250. What types of knowledge are relevant for the purposes of constructive trusteeship? Mr. Price submits that knowledge can comprise any one of five different mental states which he described as follows: (i) actual knowledge; (ii) wilfully shutting one's eyes to the obvious; (iii) wilfully and recklessly failing to make such inquiries as an honest and reasonable man would make; (iv) knowledge of circumstances which would indicate the facts to an honest and reasonable man; (v) knowledge of circumstances which would put an honest and reasonable man on inquiry. More accurately, apart from actual knowledge they are formulations of the circumstances which may lead the court to impute knowledge of the facts to the alleged constructive trustee even though he lacked actual knowledge of those facts. Thus the court will treat a person as having constructive knowledge of the facts if he wilfully shuts his eyes to the relevant facts which would be obvious if he opened his eyes, such constructive knowledge being usually termed (though by a metaphor of historical inaccuracy) "Nelsonian knowledge". Similarly the court may treat a person as having constructive knowledge of the facts — "type (iv) knowledge" — if he has actual knowledge of circumstances which would indicate the facts to an honest and reasonable man.

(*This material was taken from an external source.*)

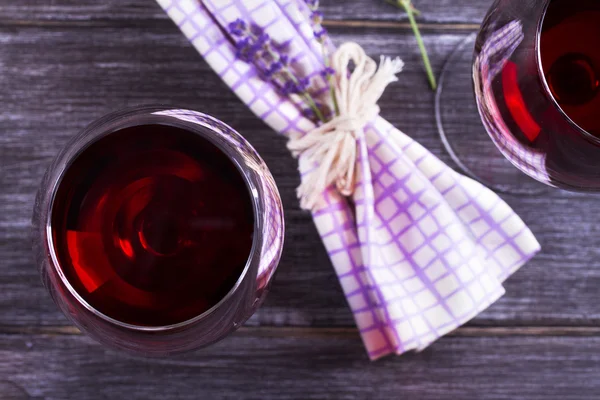 Bicchieri e bottiglia di vino rosso con lavanda e pesto — Foto Stock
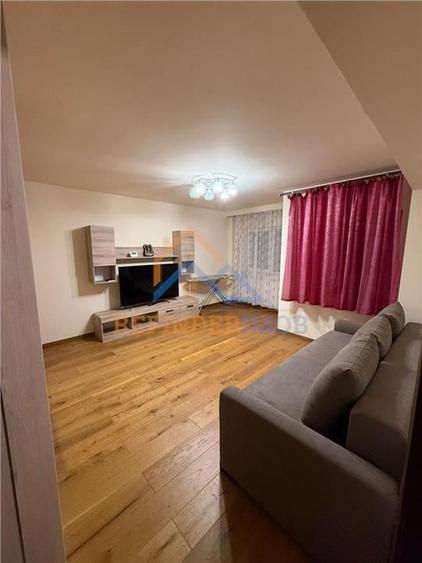 Vanzare apartament 3 camere zona Virtuti - Orsova, bloc 1989 reabilitat termic, - 2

251. Formulations (iii) and (v) are taken by Mr. Price from authority: see the Belmont case [1979] Ch. 250, 267, per Buckley LJ and the Selangor case [1968] 1 WLR 1555, 1590, per Ungoed-Thomas J respectively. Mr. Price submits that the court will treat a person as having constructive knowledge of the facts — "type (iii) knowledge" — if he wilfully and recklessly fails to make such inquiries as an honest and reasonable man would have made. He says that this is so even if the plaintiff cannot show that such inquiries would have given him actual knowledge of the facts. Similarly Mr. Price submits that the court may treat a person as having constructive knowledge of the facts ("type (v) knowledge") if he, without wilfulness or recklessness, fails to make such inquiries as an honest and reasonable man would have made. Again he says that this type of knowledge does not depend on the plaintiff showing that such inquiries would have given him actual knowledge of the facts. Mr. Price however accepts that these formulations require modification to this extent, that if the alleged constructive trustee can show that on a balance of probabilities inquiries would have produced answers acceptable to the honest and reasonable man even if such answers be incorrect, constructive knowledge is not to be imputed. Mr. Leckie submits that the correct formulation of these two types of knowledge includes a requirement that it must be shown that the inquiries, if made, would have given actual knowledge of the facts. This formulation comprehends Mr. Price's modification but goes beyond it in not permitting constructive knowledge to be imputed to a stranger to a trust in a case where there is no probability shown of the inquiry producing actual knowledge. Mr. Leckie's formula is substantially in accord with what Edmund Davies LJ said in Carl Zeiss Stifung v Herbert Smith & Co (No 2) [1969] 2 Ch. 276, 304, where he recognised as a possible exception to the requirement of actual knowledge the case:

where the agent is under a duty to inquire into the validity of the third party's claim and where, although inquiry would have established that it was well-founded, none is instituted.

252. I shall come back later to this difference between the parties on the formulation of type (iii) knowledge and type (v) knowledge (though on the facts this difference is not critical), but first I shall consider whether on the authorities all or any of the types of constructive knowledge that I have mentioned are relevant for the purposes of constructive trusteeship. No court which has considered the problem has been content to limit knowledge to actual knowledge.